One Problem at the Center of it all – Data Cannot Protect Itself


Cybersecurity is one of the top concerns for all individuals, companies, governments, and organizations today because – despite all of the tools, products and services available today for cyber – data is still being lost at a constant and every increasing rate.  The crisis of data loss is simply non-stop. Every day, we see the headlines of another data breach or identity theft or cryptocurrency loss. 

Something is missing.  Something has to change because continuing to do the same thing and getting all of the wrong results is just not sustainable.  We have to accept that what we are doing is not working and we need to get to the core of the problem – but it seems that we are missing the issue – something is not right.  Why can we not stop the loss of data in our lives?

There is a simple reason: the entire cybersecurity market of tools, products and services are all based on one premise only: Data cannot protect itself, and therein lies the problem. We are trying to solve a problem from the inside out.  Our base premise needs to change.

One single hole in the wall – and it was all for nothing

Our data is vulnerable to anyone who can get to it. Once data is out of our realm of control – we have to assume that it is gone, and we are never getting it back.  You cannot retrieve it, control it, even see what is happening to it. Data is the one common denominator across all of IT systems and solutions, yet it is the weakest link.

So herein lies the problem:  data cannot protect itself and this has been an unsolvable problem.  Until now.

In today’s cybermarket, there are really two categories of technology for the protection of data, and they apply – in simple terms – to a) the protection of data itself, and b) the forensics and threat intelligence we use to understand where data goes and what happens to it when it is accessed. 

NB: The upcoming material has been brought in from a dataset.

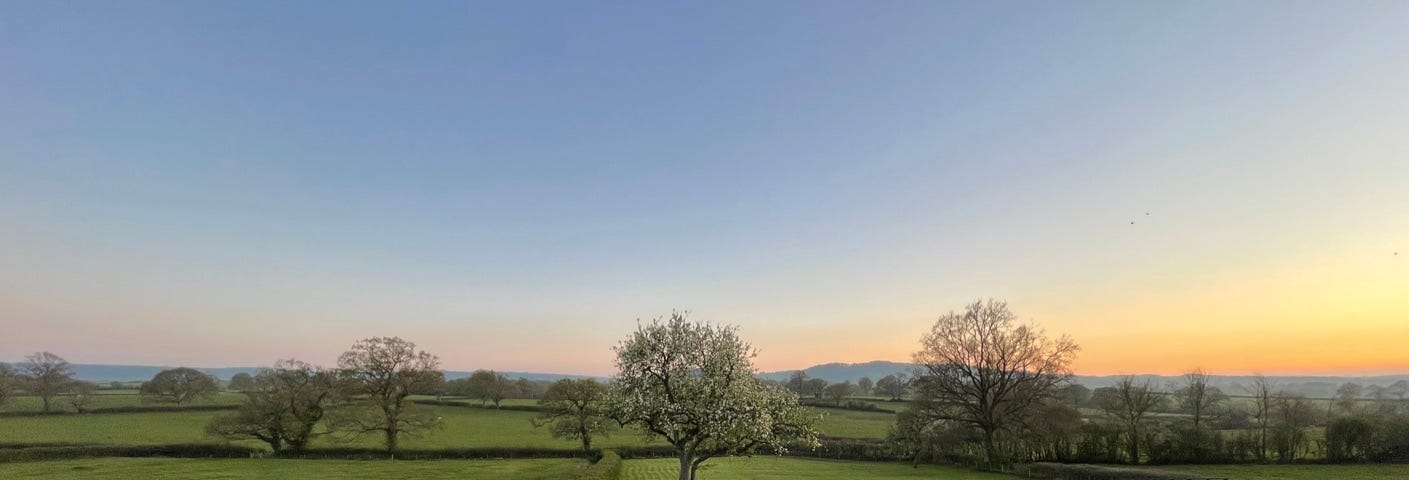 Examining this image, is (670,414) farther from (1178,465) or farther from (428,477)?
(1178,465)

For the first half – the protection of data itself – we try to rely on a multi-faceted defense-in-depth approach surrounding our data, which may include, but is not limited to, many of the following:

  • For the network: Data Loss Prevention – which is meant to keep data in place and not let it leak out of your systems if possible. This solution requires a myriad of other solutions to properly work as well (we’ll drill down on complexities of DLP in our next blog post).
  • For the devices: End-Device Protection/Management – which is meant to check endpoints to ensure they are safe for data to reside on and try to ensure that bad actors cannot get to data on individual devices.
  • For the users: Identity Management – to ensure that only the right people get access to the right resources – as long as those identities can be kept safe and secure themselves.
  • For the data: Data Encryption – to ensure that only the right people can see data – but once that authorization or dispersal of access is done, simple one-time encryption does not work anymore.  Key management (another future blog post) has also been incredibly problematic with no easy solutions to date.
  • For the servers and compute resources: Cloud, datacenter and networking protections – to ensure that data stays where we want it to stay and is accessed only how we want it accessed.
  • And more….and more….

For forensics and threat intelligence, it is also a multi-faceted defense-in-depth approach:

  • For the servers and compute resources: Firewall logs – to understand the ingress and egress of data from our known physical datacenter
  • For the devices: End-point control system logs – to understand how data is being brought into our controls, accessed, and egressed on mobile devices, desktops, laptops and servers
  • For the multiple cloud-based services: CASB logs – to understand how data flows in and out of cloud-based resources
  • For intrusion and insider threat prevention: IDS/IPS – to try to detect intruder behavior and understand the flow of attacks – unfortunately in a reactive state since the behavior had to happen before we can catch it
  • And to pull it ALL together: SEIM – to pull all of these solutions above together into one common platform for analysis of what happens to data after the loss has already occurred – in the hopes of stopping future behavior or analyzing an attack that has already happened

We need all these solutions to try to keep data protected all because data cannot protect itself.  The costs, complexities, intricacies, synchronization, and maintenance of all these defense-in-depth models is overwhelming – and still not as effective as we need it to be.  Data continues to be lost at an exponential rate.  The result is that we are forever in “pray and react” mode when protecting our data.  we are hoping for the best, depending on multiple technologies to be tied together, unified on levels that have yet to be successfully achieved in most implementations.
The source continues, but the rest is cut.